Converting a check to a Monetary Instrument

Posted By: LSmith

Converting a check to a Monetary Instrument - 08/14/17 02:04 PM

A non-customer business sends an employee in with an on-us $8000.00 check made payable to a business. They want an Official Check made payable to the business for the check.

We show Runner and Business name as remitter; however, runner does not know the Tax ID # or other information about the business to collection. Cash is NOT involved. We can obtain Photo ID of Employee, SS#, etc., but not on the business.

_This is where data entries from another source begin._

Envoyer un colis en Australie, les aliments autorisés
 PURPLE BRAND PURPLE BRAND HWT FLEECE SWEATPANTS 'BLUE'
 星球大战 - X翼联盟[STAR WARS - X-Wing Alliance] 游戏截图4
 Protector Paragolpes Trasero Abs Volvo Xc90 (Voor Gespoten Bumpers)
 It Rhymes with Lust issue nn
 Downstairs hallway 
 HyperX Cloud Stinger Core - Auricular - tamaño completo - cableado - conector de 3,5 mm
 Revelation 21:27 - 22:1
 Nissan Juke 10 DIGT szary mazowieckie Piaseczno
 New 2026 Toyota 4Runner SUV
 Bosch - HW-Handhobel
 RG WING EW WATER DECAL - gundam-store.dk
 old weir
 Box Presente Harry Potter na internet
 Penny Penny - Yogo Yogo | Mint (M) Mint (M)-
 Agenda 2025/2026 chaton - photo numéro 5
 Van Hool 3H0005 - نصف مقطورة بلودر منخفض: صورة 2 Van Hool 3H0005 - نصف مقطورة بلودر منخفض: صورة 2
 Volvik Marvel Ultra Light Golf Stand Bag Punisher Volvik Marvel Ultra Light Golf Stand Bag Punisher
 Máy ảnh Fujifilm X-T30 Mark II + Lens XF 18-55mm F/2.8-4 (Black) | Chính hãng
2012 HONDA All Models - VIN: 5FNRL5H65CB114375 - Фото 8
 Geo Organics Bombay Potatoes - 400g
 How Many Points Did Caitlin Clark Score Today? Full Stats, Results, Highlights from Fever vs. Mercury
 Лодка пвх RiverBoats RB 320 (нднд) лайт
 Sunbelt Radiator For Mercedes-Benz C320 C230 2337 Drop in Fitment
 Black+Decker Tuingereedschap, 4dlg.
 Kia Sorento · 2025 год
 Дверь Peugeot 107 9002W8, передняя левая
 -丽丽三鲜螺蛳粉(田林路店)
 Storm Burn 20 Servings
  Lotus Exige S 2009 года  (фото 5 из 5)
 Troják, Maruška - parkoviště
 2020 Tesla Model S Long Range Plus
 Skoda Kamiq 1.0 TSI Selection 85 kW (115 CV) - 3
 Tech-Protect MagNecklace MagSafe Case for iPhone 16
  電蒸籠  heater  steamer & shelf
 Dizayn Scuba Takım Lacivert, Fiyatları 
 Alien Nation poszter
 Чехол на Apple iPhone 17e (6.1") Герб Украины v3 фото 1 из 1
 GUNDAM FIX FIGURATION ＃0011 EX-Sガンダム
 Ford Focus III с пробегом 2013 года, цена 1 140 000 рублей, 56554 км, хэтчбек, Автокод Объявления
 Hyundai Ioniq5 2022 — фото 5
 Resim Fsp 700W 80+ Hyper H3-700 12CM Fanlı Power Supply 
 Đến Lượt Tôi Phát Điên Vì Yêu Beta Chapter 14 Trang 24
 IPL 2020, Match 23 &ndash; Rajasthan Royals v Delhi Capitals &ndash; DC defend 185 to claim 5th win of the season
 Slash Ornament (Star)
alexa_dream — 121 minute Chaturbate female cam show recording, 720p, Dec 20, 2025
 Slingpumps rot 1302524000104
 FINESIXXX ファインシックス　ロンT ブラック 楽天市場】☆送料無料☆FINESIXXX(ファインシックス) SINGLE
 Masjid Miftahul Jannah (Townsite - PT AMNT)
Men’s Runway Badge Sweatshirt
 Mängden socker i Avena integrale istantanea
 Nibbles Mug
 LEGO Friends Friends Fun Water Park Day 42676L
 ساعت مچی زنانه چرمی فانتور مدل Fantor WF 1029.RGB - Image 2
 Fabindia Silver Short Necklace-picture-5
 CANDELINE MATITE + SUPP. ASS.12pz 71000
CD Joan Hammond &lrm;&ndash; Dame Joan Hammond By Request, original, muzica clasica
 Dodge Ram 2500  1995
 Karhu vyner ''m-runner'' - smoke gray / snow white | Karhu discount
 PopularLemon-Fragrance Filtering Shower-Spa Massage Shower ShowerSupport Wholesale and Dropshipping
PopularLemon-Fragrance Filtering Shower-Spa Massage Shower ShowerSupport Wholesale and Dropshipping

What information are we required to obtain on the business?
Posted By: rlcarey

Re: Converting a check to a Monetary Instrument - 08/14/17 02:52 PM

What ever you want too - why you would do this for non-customers is the real question. I hope you charge a hefty fee.
Posted By: LSmith

Re: Converting a check to a Monetary Instrument - 08/14/17 04:14 PM

The check is written on our customer. We have to honor their check. We do charge a fee, but probably not enough
Posted By: New Day

Re: Converting a check to a Monetary Instrument - 08/14/17 04:44 PM

You don't have to honor the check if the business the check is written to doesn't have an account with you.
Posted By: madukes

Re: Converting a check to a Monetary Instrument - 08/15/17 08:28 PM


We used to do that when I was working in a branch about 20 years ago but the payee had to have their endorsement guaranteed by their bank on the back of the check in order for us to do a cashier's check exchange.
Posted By: Elwood P. Dowd

Re: Converting a check to a Monetary Instrument - 08/15/17 10:53 PM

Quote:
A non-customer business sends an employee in with an on-us $8000.00 check made payable to a business. They want an Official Check made payable to the business for the check.


Life is hard and then you die...

This is a lousy banking practice with nothing to recommend it. It's a foolish improvisation that banks began when they stopped "certifying" customer checks. If the payee wanted a cashiers check he should have asked your customer for a cashiers check, not you.